#### [Work required]
Exact copies of all the lines below are needed, without the pictures.

#### [Source data]
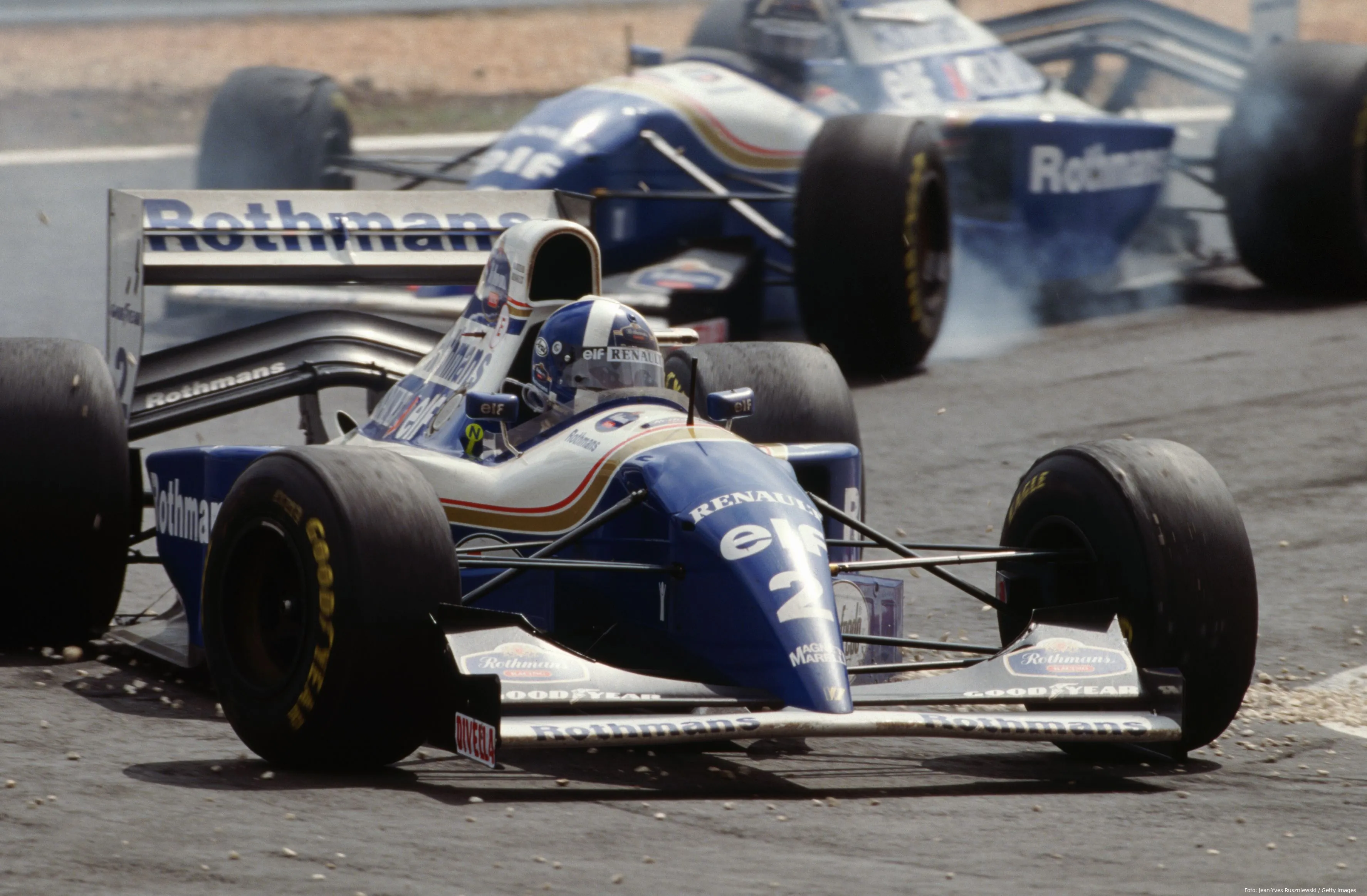 david coulthard 1994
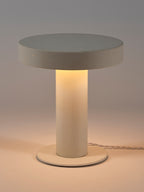 Terres De Rêves - Clara 03 Beige Table Lamp - Anita Le Grelle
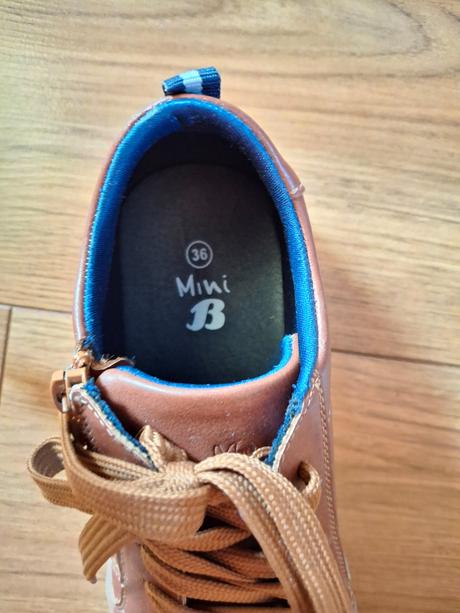 Poltopánky, baťa,36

#### [Result for this exercise]
 david coulthard 1994
 Terres De Rêves - Clara 03 Beige Table Lamp - Anita Le Grelle
 Poltopánky, baťa,36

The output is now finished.